** Opening INFORMATION GIVEN block **
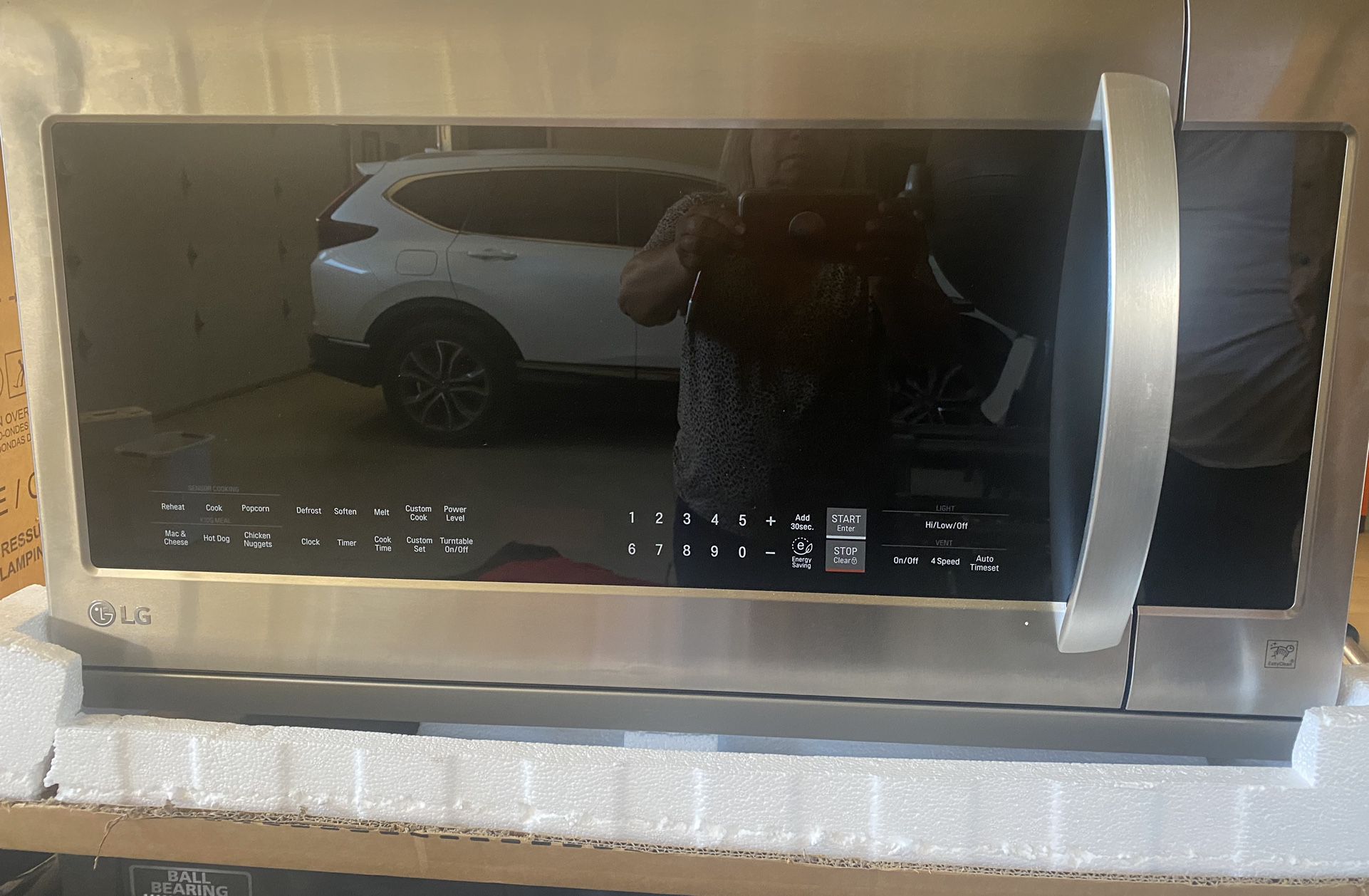 NEW LG Microwave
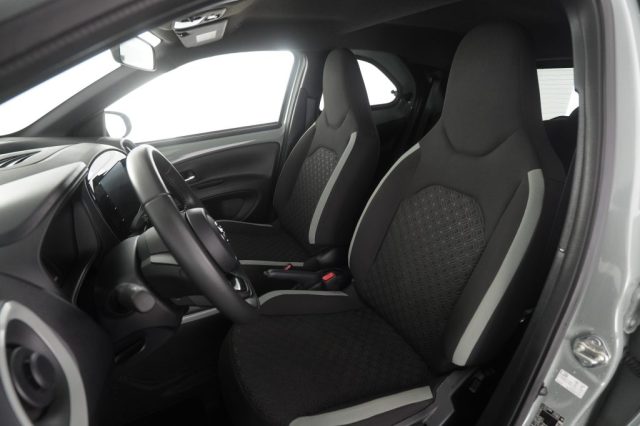 TOYOTA Aygo X usata 2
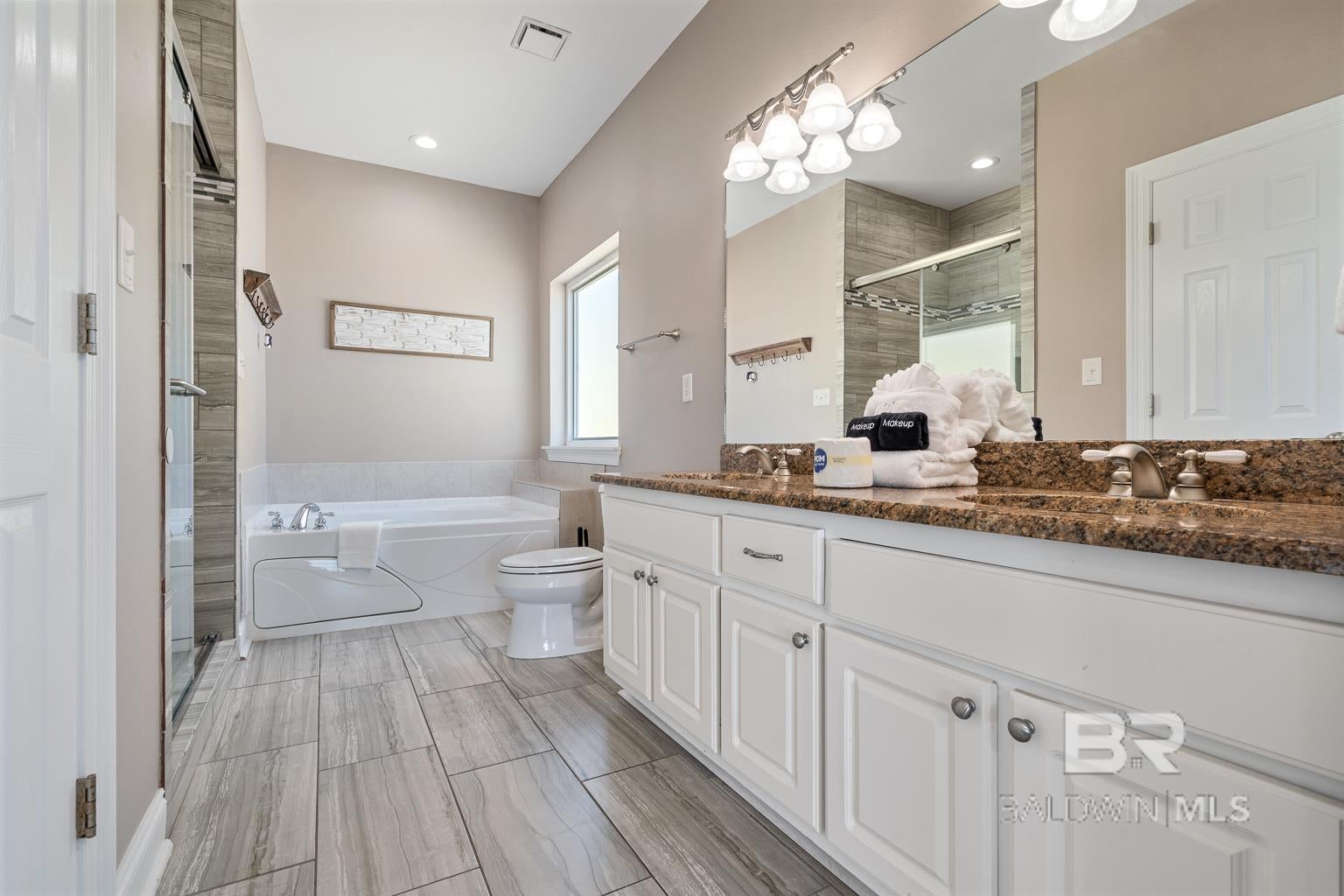Gulf Shores, Alabama, 36542, United States, ,Residential,Active,1703031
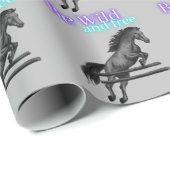 野生で自由な馬のジャンプをする ラッピングペーパー (ロールコーナー)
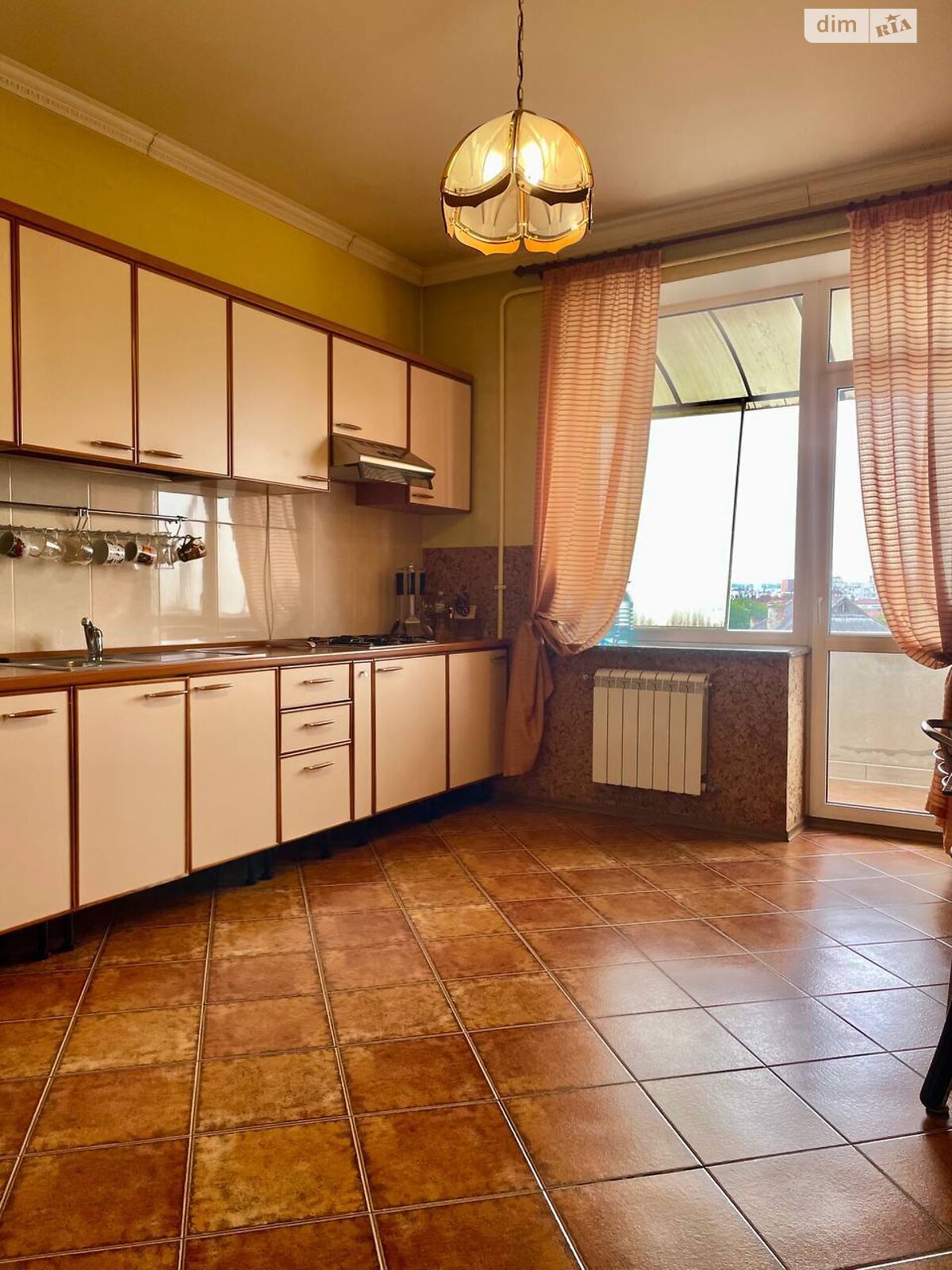 Продажа трехкомнатной квартиры в Ивано-Франковске, на ул. Михаила Мулика 36, район Центр фото 1 Продажа трехкомнатной квартиры в Ивано-Франковске, на ул. Михаила Мулика 36, район Центр фото 1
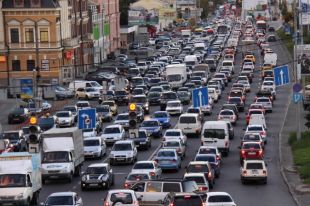 Автомобили на дороге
** Closing INFORMATION GIVEN block **
> [WHAT YOU WILL DO] Exactly as they appear above, print all the lines, but not the pictures.

> [WRITTEN ANSWER]
 NEW LG Microwave
 TOYOTA Aygo X usata 2
Gulf Shores, Alabama, 36542, United States, ,Residential,Active,1703031
 野生で自由な馬のジャンプをする ラッピングペーパー (ロールコーナー)
 Продажа трехкомнатной квартиры в Ивано-Франковске, на ул. Михаила Мулика 36, район Центр фото 1 Продажа трехкомнатной квартиры в Ивано-Франковске, на ул. Михаила Мулика 36, район Центр фото 1
 Автомобили на дороге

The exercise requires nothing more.